I see her past. The one she told me about when I was a child, and the one I came to understand as a woman. I see the poverty she described living in as a little girl and the strength that comes to those who made it through.
I see the years we spent — just the two of us — hoping she would find love again. I see the years when love finally arrived and the memories of our blended family.
I see her in the car driving me to the orthodontist and taking me window shopping after to cheer me up because I “looked so ugly,” and reminding me that I was beautiful despite the headgear and glasses.
I see the shyness she fought her entire life to overcome, and I hear the laughter she shared with those who knew her. I see her standing in the kitchen making jam with the blackberries I picked that morning.
I see her listening to me practice the piano and beaming with pride when I told her I would be graduating from college with honors. I see her brag to others about “her girls” even when her youngest was driving her crazy.
I see her standing beside me when the ultrasound showed a baby boy would grace our family and waiting all night for the little prince to make his debut.
I see her holding my hair back while I threw up on the day my divorce was final and reminding me that despite the pain…” this too shall pass.”

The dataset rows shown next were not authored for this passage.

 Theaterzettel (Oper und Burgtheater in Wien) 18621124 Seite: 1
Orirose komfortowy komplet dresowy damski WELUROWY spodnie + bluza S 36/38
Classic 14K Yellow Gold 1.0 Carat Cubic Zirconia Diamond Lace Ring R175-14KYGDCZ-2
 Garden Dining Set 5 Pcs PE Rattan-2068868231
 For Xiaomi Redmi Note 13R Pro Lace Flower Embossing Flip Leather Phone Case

I see her loving my father until he died and her memory of him diminishing a little more every day. I see her loving us — all of us — with every ounce of her being.
I see her.
I see her present. The state of the in-between. I see her in a space where the days drift seamlessly into one another, and the hours sometimes go painstakingly slow. A space where one foot is in reality and the other in a land far, far away — only this is not a fairytale, and there is no fairy godmother to wave her magic wand to bring my mother back to me.

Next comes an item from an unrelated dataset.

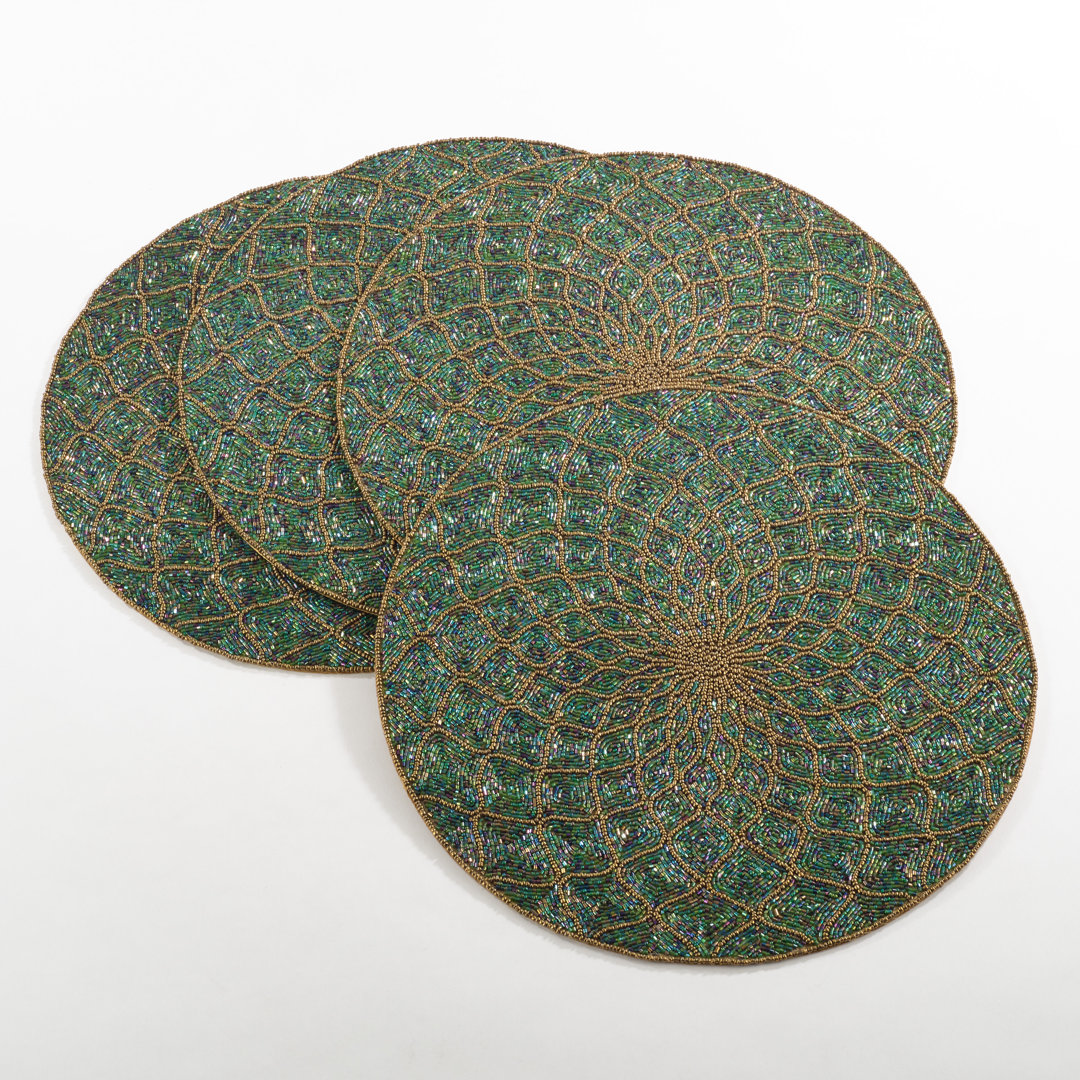 Khaleesi Glass Geometric Round Placemat (Set of 4) Rosdorf Park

I see her face light up with pride over her latest coloring project or an intricate drawing she just finished for one of her girls. I see her frantically search for the phone when it rings and fumble as she tries to remember how to answer it.
I see how much she misses us, even though the moments are fleeting, and soon she is floating away again into the depths of Alzheimer’s.
I see her become quiet and distant in the moments the words she desperately wants to say escape her. I see her become angry and combative when she cannot remember how to button her shirt. And I see her smile and hear her laugh on the good days when we talk about things from days long gone.
I see her.
Though my mother’s eyes…
I see her future. And it scares me. I see the journey she is on, and it is the same one we watched her step-father take long ago. I see her taking daily steps toward the edge of a chasm from which she will never return.
And it scares me. Not because my child or I may take the same journey one day, but because I see myself now as her mother, and it is my job and, most of all, my honor to protect her from what lies ahead, even if the path is dark.
I see her spirited soul fighting for her independence. I see her gracious heart fighting for her family. I see her fighting for me — our brave, proud, strong, beautiful mother.
I see her.
I see her.
Through my mother’s eyes, I see her.